Brief
One part of the entries below is wanted: the lines from the one containing "Serene Mountainscape at" through the one containing "Nightmare Before Christmas". Write those out exactly and nothing else.

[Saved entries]
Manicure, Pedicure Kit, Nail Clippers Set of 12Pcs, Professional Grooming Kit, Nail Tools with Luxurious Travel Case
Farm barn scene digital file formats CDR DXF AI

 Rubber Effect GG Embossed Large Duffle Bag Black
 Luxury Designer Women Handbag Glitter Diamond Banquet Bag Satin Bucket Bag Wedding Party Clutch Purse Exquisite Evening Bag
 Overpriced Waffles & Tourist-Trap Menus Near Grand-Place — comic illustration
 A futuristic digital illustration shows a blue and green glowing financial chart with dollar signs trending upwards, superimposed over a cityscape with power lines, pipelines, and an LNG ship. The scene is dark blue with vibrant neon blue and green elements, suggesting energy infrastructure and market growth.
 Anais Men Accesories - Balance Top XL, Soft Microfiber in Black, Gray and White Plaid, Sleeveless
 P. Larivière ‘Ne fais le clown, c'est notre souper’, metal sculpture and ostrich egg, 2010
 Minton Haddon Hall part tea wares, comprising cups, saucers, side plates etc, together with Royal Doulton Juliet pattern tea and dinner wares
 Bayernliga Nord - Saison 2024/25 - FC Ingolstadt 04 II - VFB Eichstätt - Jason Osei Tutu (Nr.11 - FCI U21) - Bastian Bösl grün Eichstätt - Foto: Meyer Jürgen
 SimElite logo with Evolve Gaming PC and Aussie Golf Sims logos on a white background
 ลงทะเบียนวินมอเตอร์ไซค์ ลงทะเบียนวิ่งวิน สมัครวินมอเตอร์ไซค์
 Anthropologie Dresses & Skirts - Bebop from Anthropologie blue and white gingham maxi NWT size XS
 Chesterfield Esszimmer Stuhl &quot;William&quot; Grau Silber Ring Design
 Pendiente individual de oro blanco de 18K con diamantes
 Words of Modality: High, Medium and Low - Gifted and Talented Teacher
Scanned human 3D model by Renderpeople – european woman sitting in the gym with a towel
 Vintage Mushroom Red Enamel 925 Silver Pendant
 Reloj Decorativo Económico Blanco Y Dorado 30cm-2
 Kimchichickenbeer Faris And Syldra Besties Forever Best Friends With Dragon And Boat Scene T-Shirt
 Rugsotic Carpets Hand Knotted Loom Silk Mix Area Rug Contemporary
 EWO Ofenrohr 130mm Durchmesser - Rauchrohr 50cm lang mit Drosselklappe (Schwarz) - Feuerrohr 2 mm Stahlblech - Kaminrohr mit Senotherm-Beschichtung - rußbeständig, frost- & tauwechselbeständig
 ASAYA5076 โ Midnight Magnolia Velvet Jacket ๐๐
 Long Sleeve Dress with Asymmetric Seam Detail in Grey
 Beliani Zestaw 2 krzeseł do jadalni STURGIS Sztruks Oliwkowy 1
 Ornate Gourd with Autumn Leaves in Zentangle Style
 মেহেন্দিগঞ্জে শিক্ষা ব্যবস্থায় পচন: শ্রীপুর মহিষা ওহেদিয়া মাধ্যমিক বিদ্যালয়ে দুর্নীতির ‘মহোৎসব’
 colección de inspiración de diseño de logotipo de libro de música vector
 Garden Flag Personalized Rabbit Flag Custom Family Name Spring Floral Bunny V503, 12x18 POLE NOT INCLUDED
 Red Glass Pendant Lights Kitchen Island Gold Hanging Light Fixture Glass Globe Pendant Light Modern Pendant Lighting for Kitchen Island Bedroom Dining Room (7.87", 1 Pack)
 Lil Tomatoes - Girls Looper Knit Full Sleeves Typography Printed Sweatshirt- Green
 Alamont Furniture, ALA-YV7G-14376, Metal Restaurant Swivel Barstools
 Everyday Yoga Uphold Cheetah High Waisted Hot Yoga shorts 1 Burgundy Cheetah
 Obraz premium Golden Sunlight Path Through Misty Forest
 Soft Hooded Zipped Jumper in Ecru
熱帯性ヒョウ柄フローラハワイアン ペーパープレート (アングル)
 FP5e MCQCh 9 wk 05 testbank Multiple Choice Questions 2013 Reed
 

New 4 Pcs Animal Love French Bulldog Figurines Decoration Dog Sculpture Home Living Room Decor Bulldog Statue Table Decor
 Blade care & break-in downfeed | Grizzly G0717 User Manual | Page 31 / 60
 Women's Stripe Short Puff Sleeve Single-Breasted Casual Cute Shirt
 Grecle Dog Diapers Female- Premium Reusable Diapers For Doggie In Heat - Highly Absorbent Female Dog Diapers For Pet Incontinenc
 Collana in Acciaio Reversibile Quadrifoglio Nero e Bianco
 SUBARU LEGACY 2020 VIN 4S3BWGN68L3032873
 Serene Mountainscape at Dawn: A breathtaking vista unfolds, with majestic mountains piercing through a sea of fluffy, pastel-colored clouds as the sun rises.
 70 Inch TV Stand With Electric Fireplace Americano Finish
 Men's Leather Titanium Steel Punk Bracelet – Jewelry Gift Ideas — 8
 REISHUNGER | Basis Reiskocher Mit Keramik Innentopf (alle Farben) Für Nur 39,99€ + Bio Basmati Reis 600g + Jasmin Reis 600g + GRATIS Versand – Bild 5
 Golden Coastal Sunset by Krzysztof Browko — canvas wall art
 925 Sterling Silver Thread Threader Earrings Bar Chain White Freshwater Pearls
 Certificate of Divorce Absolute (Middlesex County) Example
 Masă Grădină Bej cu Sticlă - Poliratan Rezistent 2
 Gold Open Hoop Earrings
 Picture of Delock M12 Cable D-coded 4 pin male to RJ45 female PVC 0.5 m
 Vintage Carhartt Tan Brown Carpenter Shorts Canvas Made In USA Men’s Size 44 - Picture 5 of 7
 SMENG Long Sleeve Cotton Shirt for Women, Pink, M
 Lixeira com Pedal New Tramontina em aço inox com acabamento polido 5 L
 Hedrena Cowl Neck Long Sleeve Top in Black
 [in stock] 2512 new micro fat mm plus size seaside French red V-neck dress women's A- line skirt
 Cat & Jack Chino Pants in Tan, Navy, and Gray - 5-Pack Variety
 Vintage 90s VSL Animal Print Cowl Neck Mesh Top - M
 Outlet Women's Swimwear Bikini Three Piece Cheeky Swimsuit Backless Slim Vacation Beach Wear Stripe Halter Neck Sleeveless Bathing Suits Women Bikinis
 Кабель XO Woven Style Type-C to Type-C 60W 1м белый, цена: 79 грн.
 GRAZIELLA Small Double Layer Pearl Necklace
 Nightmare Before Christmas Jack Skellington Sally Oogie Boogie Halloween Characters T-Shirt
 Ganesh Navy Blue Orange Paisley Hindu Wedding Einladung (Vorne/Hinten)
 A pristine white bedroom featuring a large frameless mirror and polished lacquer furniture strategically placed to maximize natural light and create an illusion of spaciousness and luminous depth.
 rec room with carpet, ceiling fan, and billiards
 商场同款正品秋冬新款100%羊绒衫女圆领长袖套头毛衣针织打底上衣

Solution for this exercise
 Serene Mountainscape at Dawn: A breathtaking vista unfolds, with majestic mountains piercing through a sea of fluffy, pastel-colored clouds as the sun rises.
 70 Inch TV Stand With Electric Fireplace Americano Finish
 Men's Leather Titanium Steel Punk Bracelet – Jewelry Gift Ideas — 8
 REISHUNGER | Basis Reiskocher Mit Keramik Innentopf (alle Farben) Für Nur 39,99€ + Bio Basmati Reis 600g + Jasmin Reis 600g + GRATIS Versand – Bild 5
 Golden Coastal Sunset by Krzysztof Browko — canvas wall art
 925 Sterling Silver Thread Threader Earrings Bar Chain White Freshwater Pearls
 Certificate of Divorce Absolute (Middlesex County) Example
 Masă Grădină Bej cu Sticlă - Poliratan Rezistent 2
 Gold Open Hoop Earrings
 Picture of Delock M12 Cable D-coded 4 pin male to RJ45 female PVC 0.5 m
 Vintage Carhartt Tan Brown Carpenter Shorts Canvas Made In USA Men’s Size 44 - Picture 5 of 7
 SMENG Long Sleeve Cotton Shirt for Women, Pink, M
 Lixeira com Pedal New Tramontina em aço inox com acabamento polido 5 L
 Hedrena Cowl Neck Long Sleeve Top in Black
 [in stock] 2512 new micro fat mm plus size seaside French red V-neck dress women's A- line skirt
 Cat & Jack Chino Pants in Tan, Navy, and Gray - 5-Pack Variety
 Vintage 90s VSL Animal Print Cowl Neck Mesh Top - M
 Outlet Women's Swimwear Bikini Three Piece Cheeky Swimsuit Backless Slim Vacation Beach Wear Stripe Halter Neck Sleeveless Bathing Suits Women Bikinis
 Кабель XO Woven Style Type-C to Type-C 60W 1м белый, цена: 79 грн.
 GRAZIELLA Small Double Layer Pearl Necklace
 Nightmare Before Christmas Jack Skellington Sally Oogie Boogie Halloween Characters T-Shirt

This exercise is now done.